**Supplied material**
>>>>
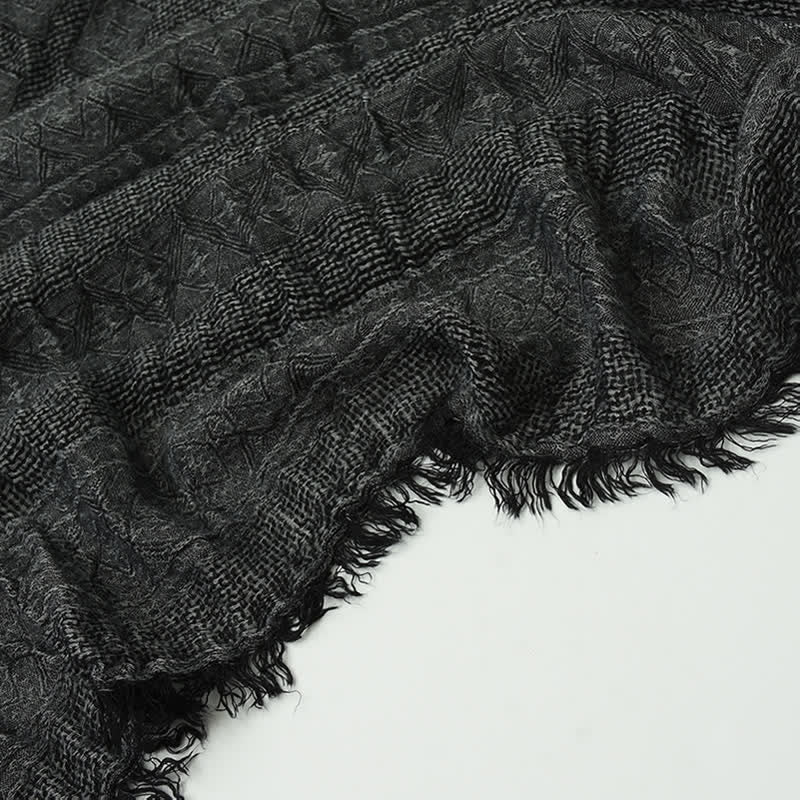 Vielseitiger Herrenrauten-Karierter Schal mit Rohkanten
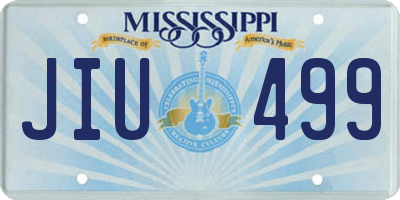 MS license plate JIU499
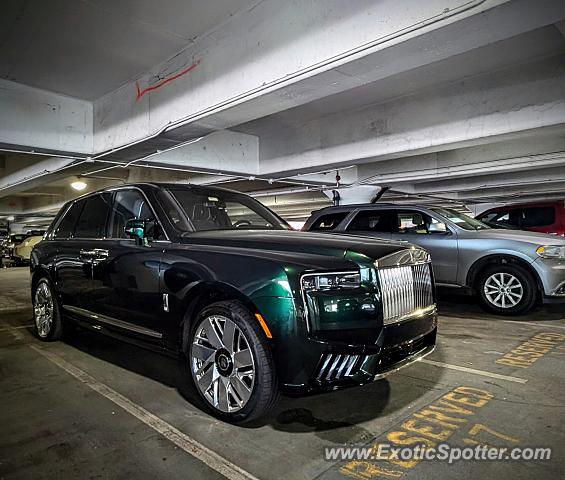 Rolls-Royce Cullinan spotted in New York, New York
<<<<
A word-for-word restatement of all the lines above is needed, with the pictures omitted.

**The answer**
 Vielseitiger Herrenrauten-Karierter Schal mit Rohkanten
 MS license plate JIU499
 Rolls-Royce Cullinan spotted in New York, New York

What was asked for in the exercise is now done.